# Data excerpt
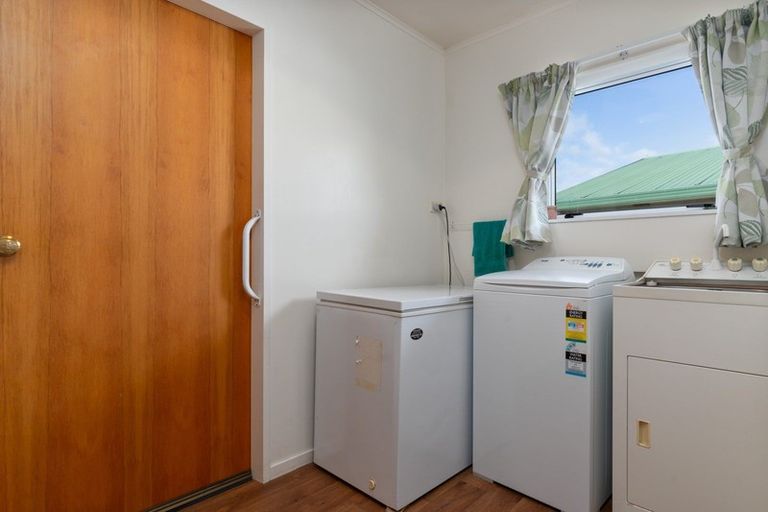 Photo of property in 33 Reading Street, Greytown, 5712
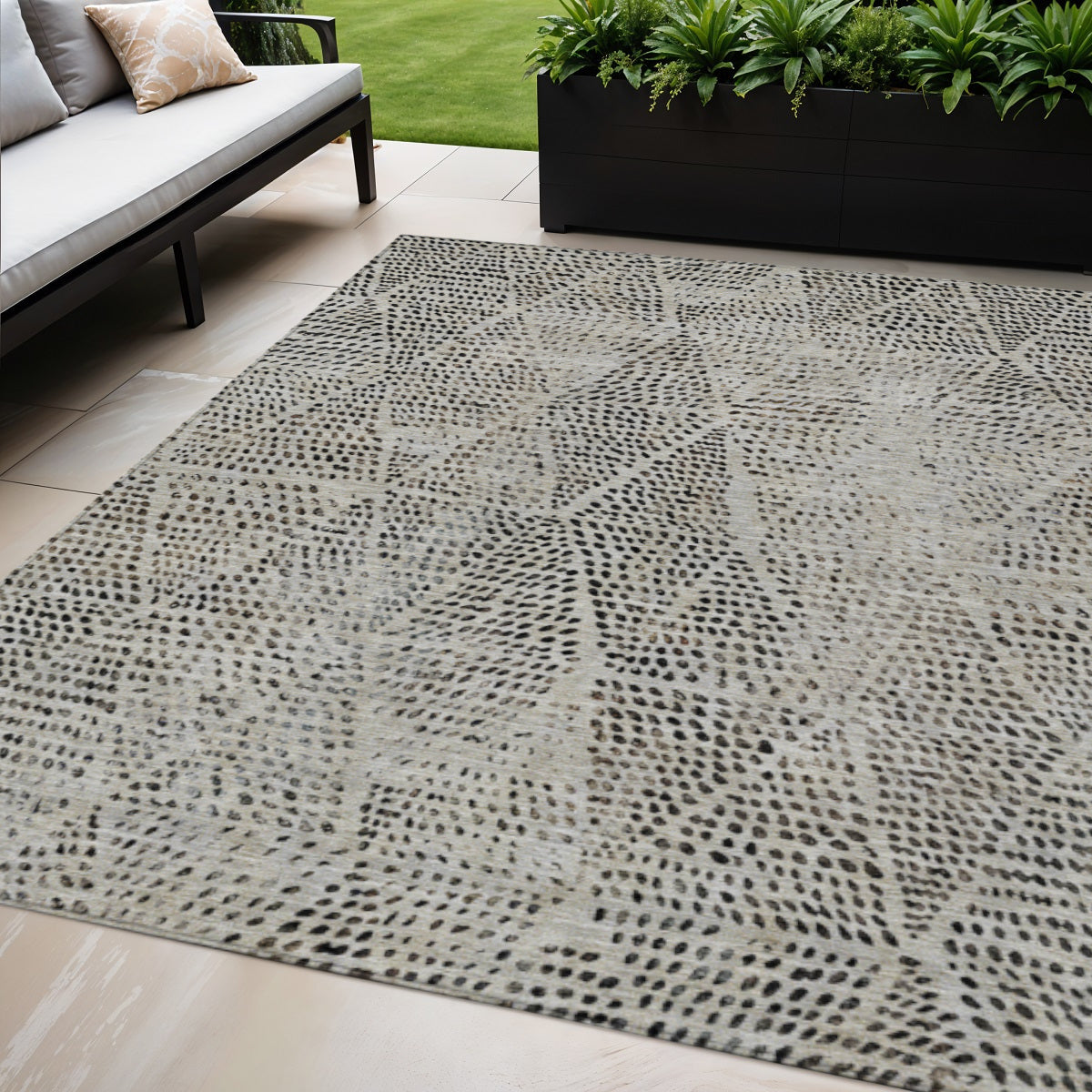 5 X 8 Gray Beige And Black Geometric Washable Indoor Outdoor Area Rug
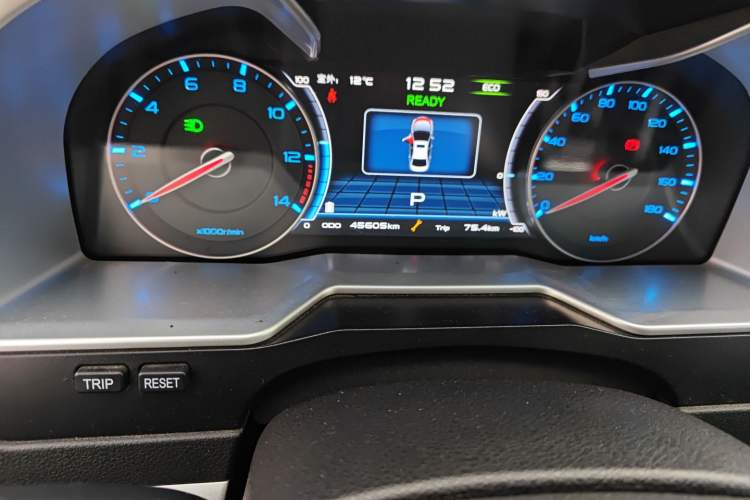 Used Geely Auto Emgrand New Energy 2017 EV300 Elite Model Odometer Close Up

# What needs to be done
Transcribe the whole listing, character for character, but not its images.

# Exercise result
 Photo of property in 33 Reading Street, Greytown, 5712
 5 X 8 Gray Beige And Black Geometric Washable Indoor Outdoor Area Rug
 Used Geely Auto Emgrand New Energy 2017 EV300 Elite Model Odometer Close Up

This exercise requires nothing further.